Le prix de la démocratisation ? Francis Chateauraynaud note :

On observe un mélange militant-”entrepreneur de cause”-geek. La cause est bonne, et on s’en sert pour avancer, réseauter afin de trouver des moyens. Cette démarche s’oppose à des visions plus rudes et anti-systèmes.

En l’état actuel, le bilan global peut sembler frustrant : ces “objets connectés d’en bas” ne constituent pas une alternative de masse pérenne. La force de frappe face aux mastodontes de la “smart city” “industrialisée” est faible, avec le risque d’apparaître comme l’alibi citoyen. Ils n’échappent pas à la démarche institutionnelle matinée de marketing territorial.
Ainsi, la Ville de Paris soutient CitizenWatt au titre de sa démarche visant à placer “l’utilisateur SmartCitizen au cœur de la démarche Smart City”. Le risque de récupération politique n’est pas loin.

“Même des micro-groupes produisent des conséquences et sont récupérés ensuite par des groupes plus classiques, comme les syndicats ou les collectivités. Il y a toujours le risque que cela retombe, si c’est un effet de mode”, analyse Francis Chateauraynaud.

“Un enjeu de pédagogie”

“L’enjeu n’est pas de créer un service performant, tempère Hugues Aubin, c’est un enjeu de pédagogie. Ces objets suscitent des questions, créent les conditions du reverse engeenering. Être citoyen, c’est reprogrammer le monde.” Plus efficace qu’un cours livresque, estime-t-il, et nécessaire pour créer les conditions d’un large débat public sur ces objets bien moins lisses que leur joli design peut le laisser croire.

La redéfinition des pouvoirs est un chemin complexe, estime Francis Chateauraynaud. “Est-on aujourd’hui déjà dans une situation d’équilibre ?, demande-t-il dans une interrogation rhétorique.
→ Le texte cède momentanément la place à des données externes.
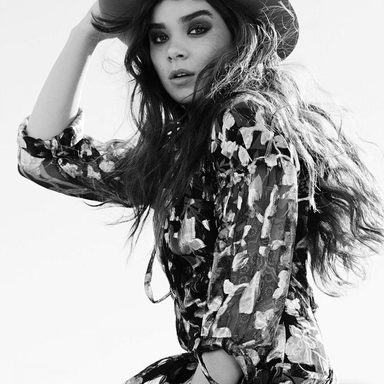 Hailee Steinfeld photo 363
Il existe une incertitude sur qui a prise sur quoi. Les citoyens ont plus la possibilité de se prendre en main, avec davantage d’autorégulation, ils ont intérêt à utiliser leur propre métrologie. Mais le diagnostic ferme et définitif est impossible, nous sommes à la croisée des chemins.”
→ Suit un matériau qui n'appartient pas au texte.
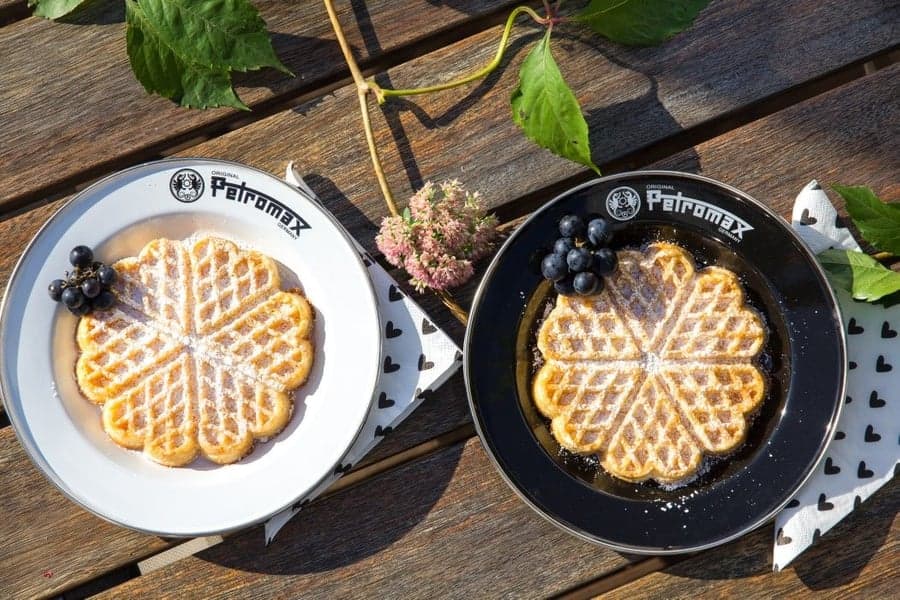 Enamel Plates 22 cm Black 2-pack, view: 1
Il souligne la difficulté de faire bouger les lignes de force, malgré le rééquilibrage opéré par ce type d’outil : “les acteurs publics montrent un intérêt, de façon individuel, mais les contraintes sont fortes – normes, emplois… – ce qui se traduit par une forte inertie. Les industriels savent aussi s’adapter, on l’a vu avec l’amélioration des moteurs diesel.” Et de souligner :

Les élus ont un rôle fondamental car ils s’inscrivent dans le temps plus long.